Three years ago the Chinese business jet market was as hot as the paper shredders at FIFA Headquarters are today.
The market is much cooler now. Following the anti-graft measures and slower growth it is possible that the Chinese fleet will fall this year. Jeff Lowe, managing director of Asian Sky Group, estimates that more than 50 Chinese aircraft are for sale. He expects OEMs to deliver 48 aircraft this year.
But – and everyone who lives in Asia gets fed up of having to say this – Asia is not just China. Speakers and delegates at our Fifth Annual Corporate Jet Investor Asia Conference in Singapore are all confident about rising demand for aircraft in the Philippines, Malaysia, Indonesia and Singapore. (And, despite anti-graft measures, the number of ACJs and BBJs going into China is rising).

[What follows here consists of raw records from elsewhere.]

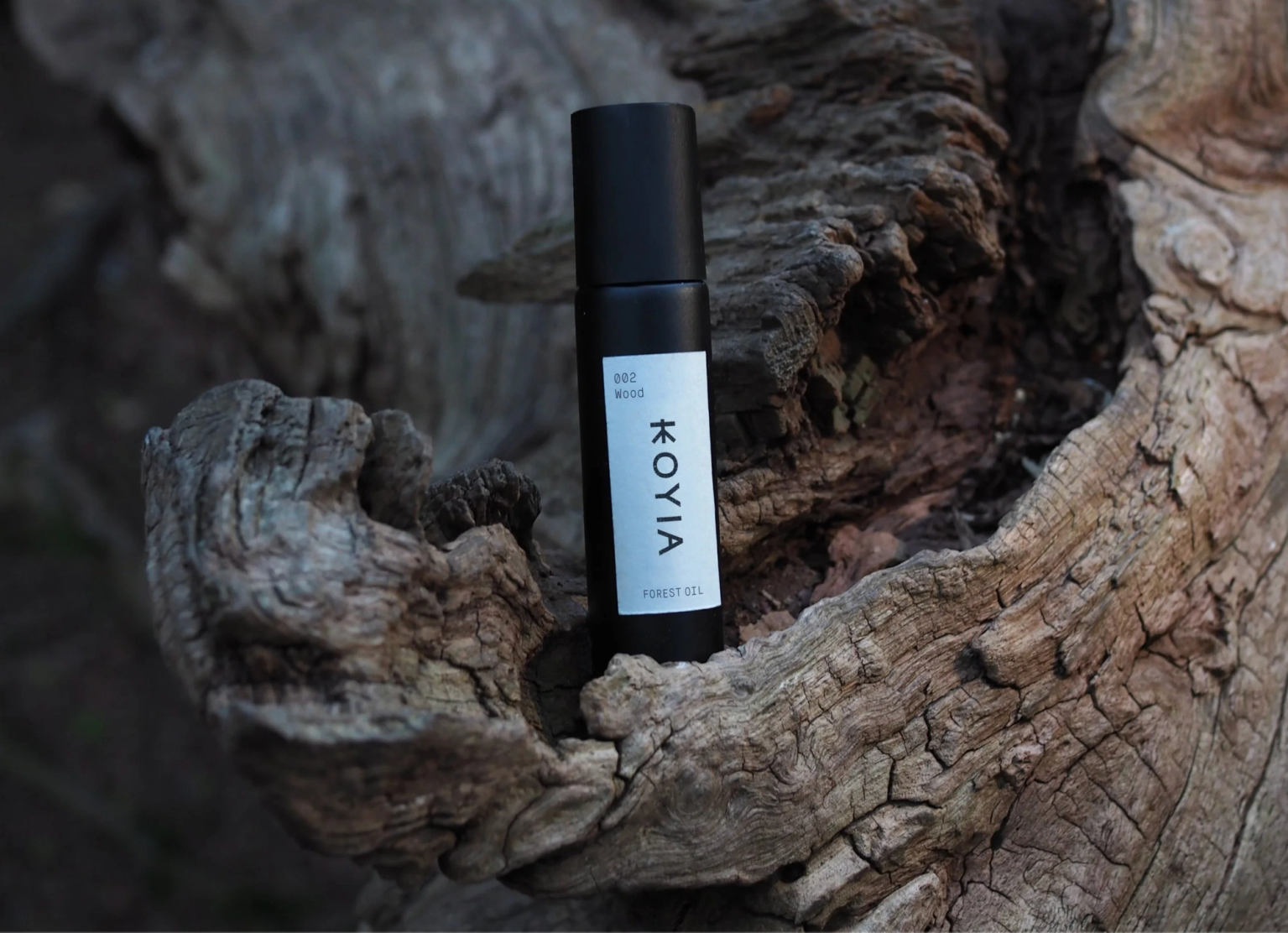 image-740ae3c968c35cc303fe3da912e33a274dbff20e-2474x1792-png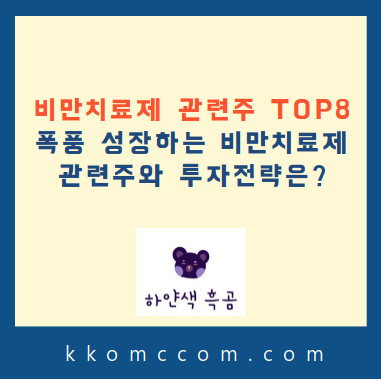 비만치료제 관련주 포스팅 썸네일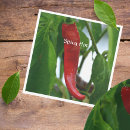 Search for pepper image Spicy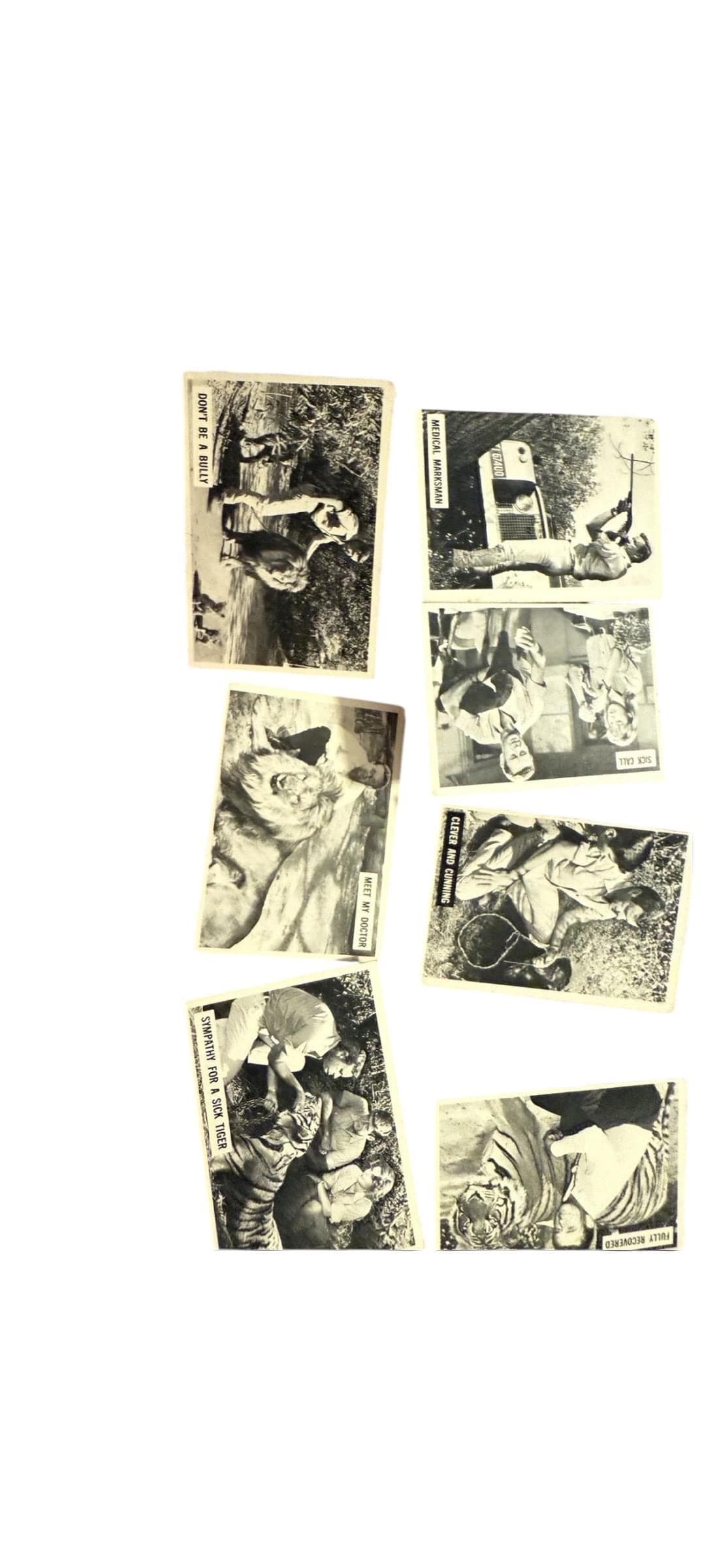 966 Donruss Daktari TV Show Trading Cards Lot of 11 – Vintage Black & White - Thumbnail 6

The Asian business jet fleet (like AsBAA its association) is continuing to grow strongly.
At Corporate Jet Investor London in February 2015: eight per cent of delegates were very optimistic about the next 12 months for the business jet market; 61 per cent fairly optimistic; and 29 per cent fairly pessimistic. Four months and 6,765 miles later, the feeling in Singapore has darkened. Just two percent were very optimistic and 47 percent fairly optimistic.
As in London, most delegates are more optimistic about their own firms than the market. This makes sense. Values and new aircraft deliveries may be falling but the number of transactions is rising.
And after a few Singapore Slings – a cocktail that celebrates its 100th anniversary this year – things look much rosier.